I agree , I don't really like putting other martial artists down because at the end of the day they're out there competing and I'm not. But seeing it live and then re-watching the video , I do not understand how he didn't get 2nd. H-form 6 is a super common form, but not the most technically difficult, so I agree that he was closer to the 1st place form than 3rd. That's just my opinion though, it's slightly bias.


----------



## Headhunter (Apr 10, 2019)

CB Jones said:


> I thought with out a doubt he looked better than 2nd place and him and 1st place was close.


Every judge has his own opinion and there's no such thing as a wrong opinion. That's how it goes in competition it's decided by opinions


----------



## Azulx (Apr 10, 2019)

Headhunter said:


> Every judge has his own opinion and there's no such thing as a wrong opinion. That's how it goes in competition it's decided by opinions


Totally agree, that's why I am just happy my students are out there competing.


----------



## jobo (Apr 10, 2019)

Azulx said:


> Men's Division for Kata , my student got 3rd place. Enjoy!

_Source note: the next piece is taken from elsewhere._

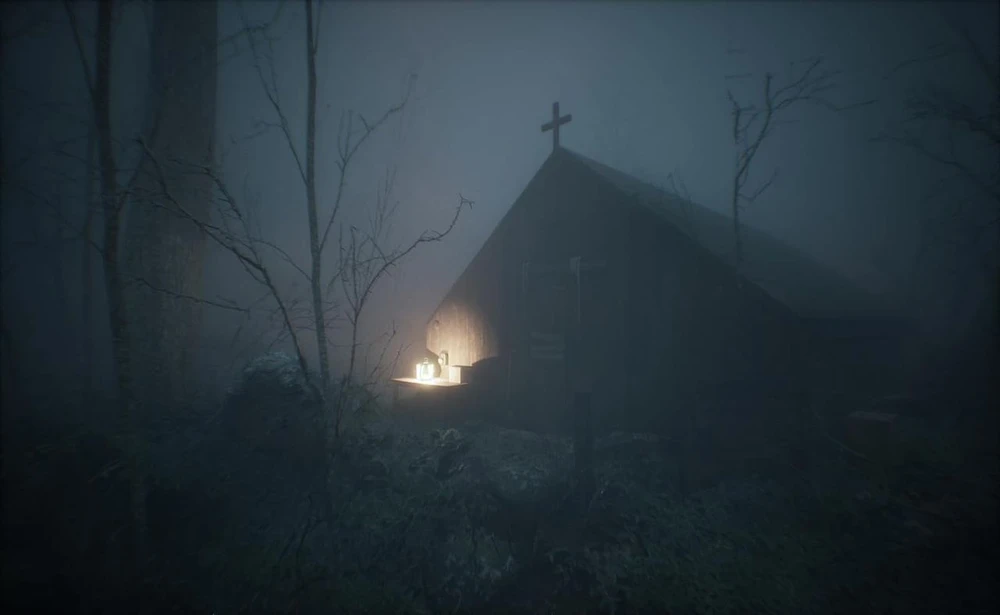 Pneumata Pneumatos – PlayStation 5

I though he was poor, till I saw first ahe second they were terible, he was robbed


----------



## Buka (Apr 10, 2019)

His sidekicks hurt his score, just needs to work on his flexibility. And that little balance bobble at the 45 second mark cost some deductions.

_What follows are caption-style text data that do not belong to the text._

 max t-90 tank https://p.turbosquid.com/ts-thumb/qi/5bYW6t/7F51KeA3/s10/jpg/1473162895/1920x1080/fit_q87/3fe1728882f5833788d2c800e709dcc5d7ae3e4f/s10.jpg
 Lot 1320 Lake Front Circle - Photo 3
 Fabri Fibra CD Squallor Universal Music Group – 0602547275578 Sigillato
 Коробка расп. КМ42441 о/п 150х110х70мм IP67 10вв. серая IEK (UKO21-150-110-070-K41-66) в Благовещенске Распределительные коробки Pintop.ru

But good for him. He went out and competed. And finished in the money. Tell him to keep up the good work, brother.


----------



## Azulx (Apr 10, 2019)

jobo said:


> I though he was poor, till I saw first ahe second they were terible, he was robbed



Everyone in this particular division will have about 2-3 years experience. So you'll see average at best. My student has roughly two years experience , so he's right around where I expect at that mark.


----------



## Headhunter (Apr 10, 2019)

Azulx said:


> Totally agree, that's why I am just happy my students are out there competing.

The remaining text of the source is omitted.